Locals dubbed the unfinished edifice the “hockey sticks”, or the “three boots.” Motorcyclists used the area as a practice ground. Farmers brought their cattle to graze around the monument. “The soldiers were without heads and it was tragic,” says his son Vladislav Manachinsky, “even a cause for shame.”
It was local people who were the key to getting it finished. Laborers working on a nearby road raised money to re-start the work in 2015, and as word spread donations came in from road-workers nationwide. A special charity was set up to receive donations.
But when work resumed, Aleksandr Manachinsky was too ill to oversee it and had to hand over to his son.

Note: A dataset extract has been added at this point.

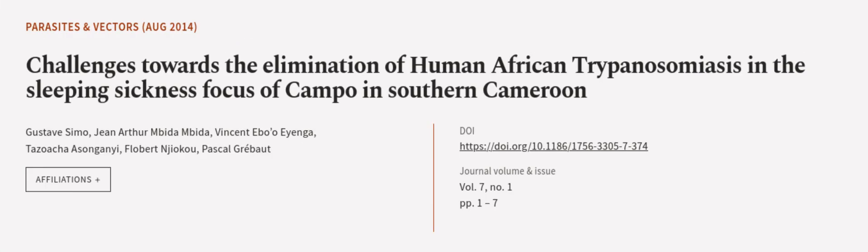This article was authored by Gustav Simo, Jean-Artem Bidembeider, Vincent Ebo Oaino, and others. WeAreArticle.tv, links in the description below.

The 42-year-old Vladislav Manachinsky, who knew the monument from summers he had spent helping his father as a student, says he simplified the original design, scrapping some side panels and adding a bell. But, he says, his father would have approved.
It was a “double responsibility,” he says. “On one hand, it was my father’s work. That was very important. And then there was the social significance.”
More than three decades after Manachinsky first conceived of the Dulag-100 memorial, it finally opened last June. Several top officials came to the ceremony, including one of Putin’s advisors, a government minister, and the Pskov Region governor. But none mentioned the words “prisoner of war” in their speeches.
The Dulag-100 memorial is a rare challenge to the official narrative - its awkward, angular structure poking above the landscape almost a metaphor for the battle to preserve a more balanced reading of Russia’s history.
There are a few other exceptions, but they tend to prove the rule. A statue has been set up for the POWs of Dulag-184 in Vyazma in the Smolensk Region - but it was thanks to a campaign initiated by relatives of the dead and human rights groups.
The Soviet Union’s prisoners of war have yet to be fully remembered. But Vladislav Manachinsky is clear their history cannot be forgotten.
“They are our citizens and they died for the motherland,” he says. “A lot of people ended up as prisoners not because they were cowards, but because that’s just what happened.”